Environment:Zai org CogVideo Diffusers Finetuning Environment
| Knowledge Sources | |
|---|---|
| Domains | Video_Generation, Deep_Learning, Finetuning |
| Last Updated | 2026-02-10 02:00 GMT |
Overview
Ubuntu/Linux GPU environment with Python 3.10+, PyTorch >= 2.5.1, CUDA (bf16/fp16), HuggingFace Diffusers >= 0.32.2, DeepSpeed >= 0.16.4, and HuggingFace Accelerate >= 1.11.0 for LoRA and SFT fine-tuning of CogVideoX video diffusion models.
Description
This environment provides the full stack for fine-tuning CogVideoX models using the HuggingFace Diffusers-based training pipeline. It supports both LoRA (Low-Rank Adaptation) and full SFT (Supervised Fine-Tuning) with distributed training via HuggingFace Accelerate and DeepSpeed ZeRO Stage 2/3. The pipeline uses bf16 mixed precision for CogVideoX-5B models and fp16 for CogVideoX-2B. GPU memory management relies on gradient checkpointing, VAE slicing/tiling, and precomputed latent caching.
Usage
Use this environment for any LoRA fine-tuning or full SFT workflow on CogVideoX models using the Diffusers-based pipeline in the `finetune/` package. This is the mandatory prerequisite for running the training scripts (`train_ddp_t2v.sh`, `train_ddp_i2v.sh`, `train_zero_t2v.sh`, `train_zero_i2v.sh`).
System Requirements
| Category | Requirement | Notes |
|---|---|---|
| OS | Linux (Ubuntu recommended) | CUDA-compatible OS required |
| Hardware (LoRA 2B) | NVIDIA GPU >= 16GB VRAM | e.g., RTX 4080 |
| Hardware (LoRA 5B) | NVIDIA GPU >= 24GB VRAM | e.g., RTX 4090 |
| Hardware (LoRA 1.5-5B) | NVIDIA GPU >= 35GB VRAM | e.g., A100 40GB |
| Hardware (SFT 2B) | NVIDIA GPU >= 36GB VRAM | e.g., A100 40GB (DDP) |
| Hardware (SFT 5B ZeRO-3) | 8x NVIDIA GPU >= 28GB VRAM | e.g., 8x RTX 5090 |
| Python | >= 3.10 | pyproject.toml targets py310 |
| CUDA | >= 11.0 (bf16 support required for 5B) | Ampere+ recommended |
| Disk | Sufficient for latent cache | Cached latents stored on disk per resolution |
Dependencies
System Packages
- NVIDIA CUDA Toolkit (compatible with PyTorch build)
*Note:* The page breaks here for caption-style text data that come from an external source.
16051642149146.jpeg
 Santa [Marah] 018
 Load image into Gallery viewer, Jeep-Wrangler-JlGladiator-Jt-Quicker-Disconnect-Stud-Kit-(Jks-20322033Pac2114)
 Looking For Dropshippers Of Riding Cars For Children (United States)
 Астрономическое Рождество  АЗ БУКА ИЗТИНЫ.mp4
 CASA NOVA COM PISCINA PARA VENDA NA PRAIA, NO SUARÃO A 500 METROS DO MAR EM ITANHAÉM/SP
- `ffmpeg` (for video I/O via imageio-ffmpeg)
Python Packages
- `torch` >= 2.5.1
- `torchvision` >= 0.20.1
- `diffusers` >= 0.32.2
- `transformers` >= 4.46.3
- `accelerate` >= 1.11.0
- `deepspeed` >= 0.16.4
- `peft` >= 0.13.2
- `pydantic` >= 2.10.6
- `datasets` >= 2.14.4
- `decord` >= 0.6.0
- `opencv-python` >= 4.11.0.86
- `sentencepiece` >= 0.2.0
- `numpy` == 1.26.0 (pinned)
- `imageio` >= 2.37.0
- `imageio-ffmpeg` >= 0.6.0
- `moviepy` >= 2.2.1
- `wandb` >= 0.19.7
Optional Packages
- `torchao` — For 4-bit/8-bit optimizers or CPU offload optimizer (install with `USE_CPP=0 pip install torchao`)
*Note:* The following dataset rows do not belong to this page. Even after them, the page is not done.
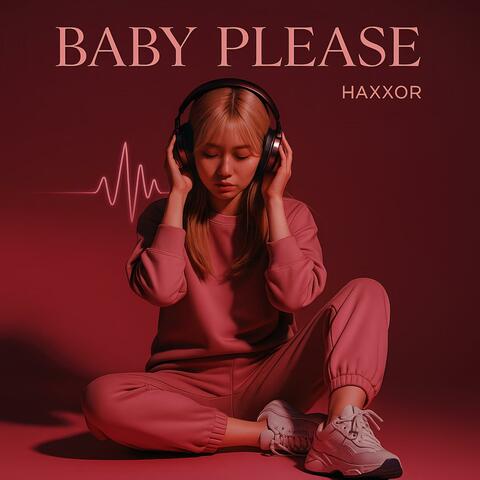 Baby Please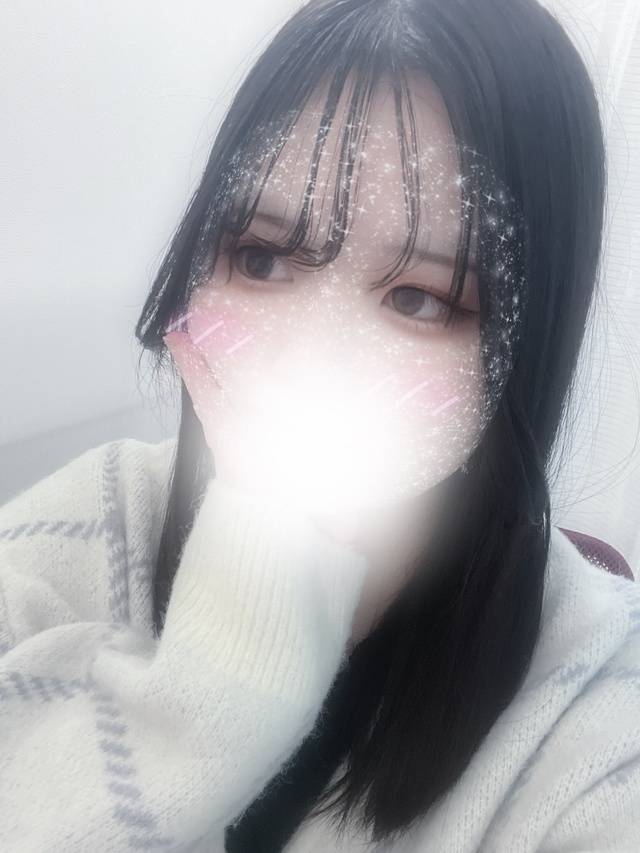 𓏸𓏸ちょうだい？♡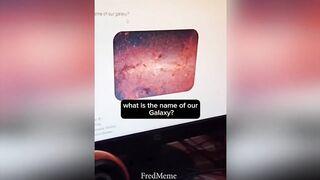 offensive memes that if ylyl 1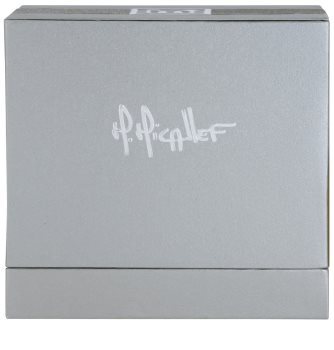 M. Micallef M. Micallef Eau de Parfum Damen 100 ml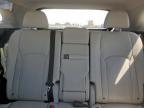 2017 Lexus Rx 350 Base zu verkaufen in Grand Prairie, TX - Rear End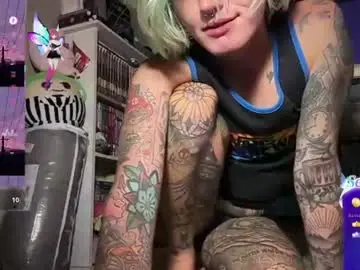 Chaturbate Sex Cam of sexyaltftm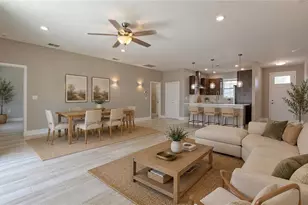 1433 Lambert St, Deltona, FL 32725 - Photo 5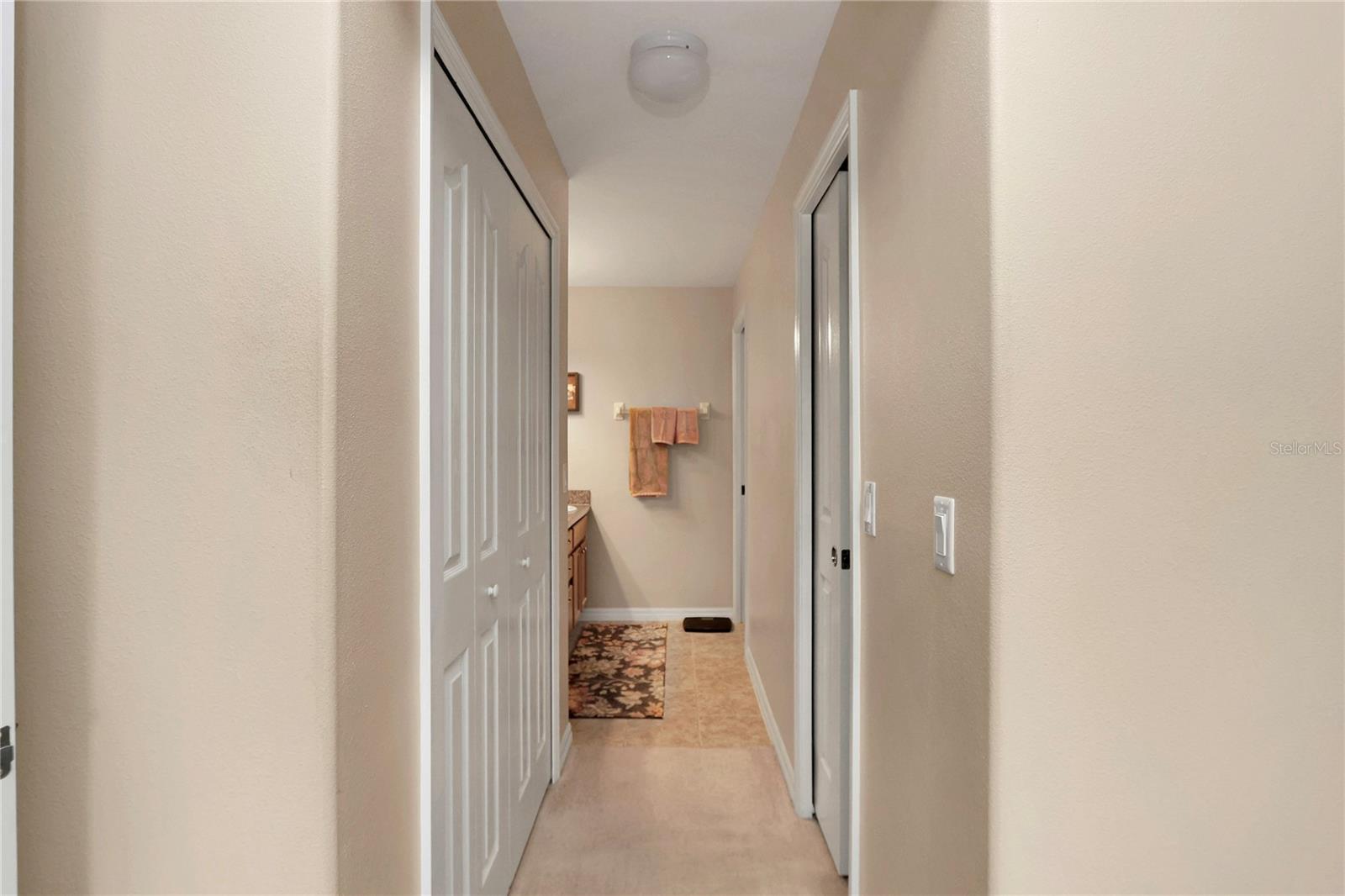 SUMMERGLEN - Residential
- `bitsandbytes` — For 8-bit Adam/AdamW optimizers
- `prodigyopt` — For Prodigy self-adaptive optimizer
- `came-pytorch` — For CAME optimizer
Credentials
No API tokens are required for the core finetuning pipeline. Models are loaded from public HuggingFace repositories.
Optional:
- `OPENAI_API_KEY`: For prompt enhancement via OpenAI API (used in inference/demo scripts only)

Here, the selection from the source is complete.